In the most expensive presidential race in American history, President Barack Obama earned a narrow victory over former Massachusetts Governor Mitt Romney, according to several televised reports.

At least 120 million American voters were expected to decide between the Democratic incumbent and Romney after a long, expensive and bitter presidential campaign centered around repairing the ailing U.S. economy.

If the early election night trends held up, Obama looked poised to win a second four-year term. He will be faced with a difficult task of reducing a $16 trillion national debt, overhauling expensive social programs and dealing with a gridlocked U.S. Congress that looked likely to maintain the same partisan makeup.

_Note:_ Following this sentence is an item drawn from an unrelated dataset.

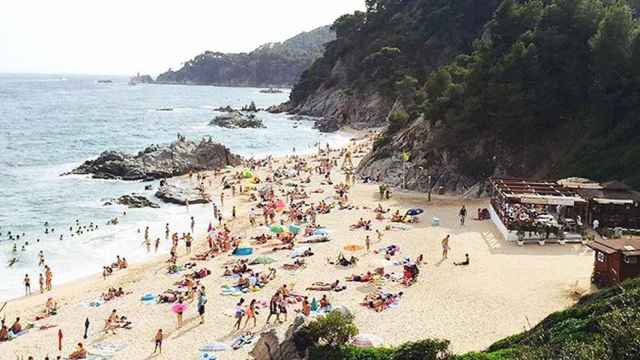 Imagen de la cala Sa Boadella de Lloret de Mar, donde los Mossos han desmantelado una fiesta ilegal / CG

In the state-by-state battle to get to 270 electoral votes needed for the presidency, Obama and Romney piled up early victories in the states they were expected to win easily.

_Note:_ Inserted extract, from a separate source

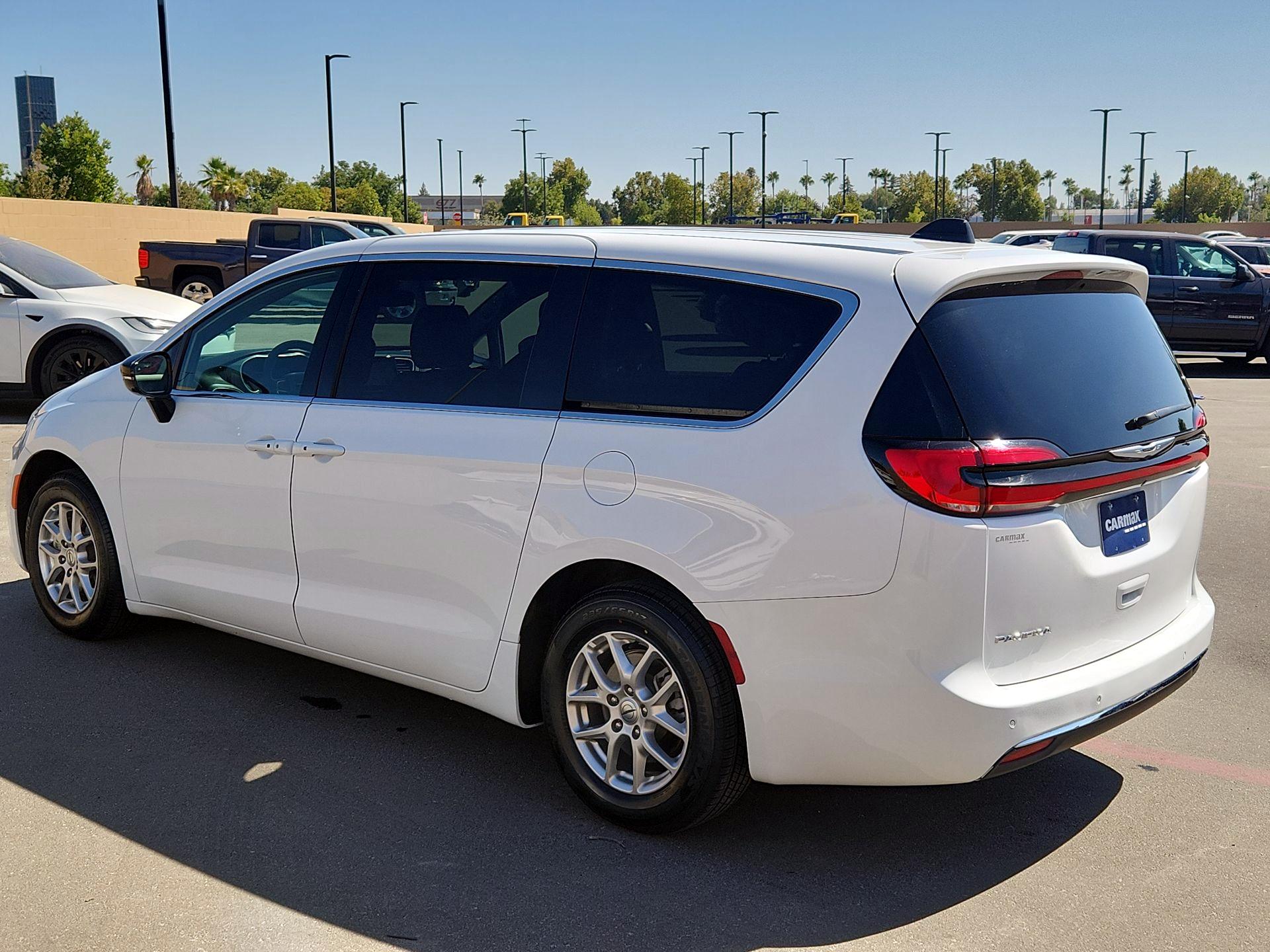 Thumbnail: 2025 Chrysler Pacifica - 7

Early vote-counting in the swing state of Florida showed them running neck-and-neck. Obama led in the critical battleground state of Ohio and Romney held the lead in a third swing state, Virginia. Romney needed all three of those states to earn the presidency, while Obama could afford to lose one or two of them and still win a second four-year term in office.

The Republican’s chances were dimmed by Obama victories in Wisconsin and Pennsylvania, as well as New Hampshire. Romney last week visited Wisconsin, home state of his vice presidential running mate, Paul Ryan, and had stopped in Pennsylvania earlier on Tuesday in hopes of pulling off a surprise win there. He has a vacation home in New Hampshire and his last campaign rally was there on Monday night.

In a victory that also limited Romney’s path to a victory, Obama won Michigan, the Republican’s state of birth but where he ran afoul of voters by opposing an auto industry bailout pushed by Obama.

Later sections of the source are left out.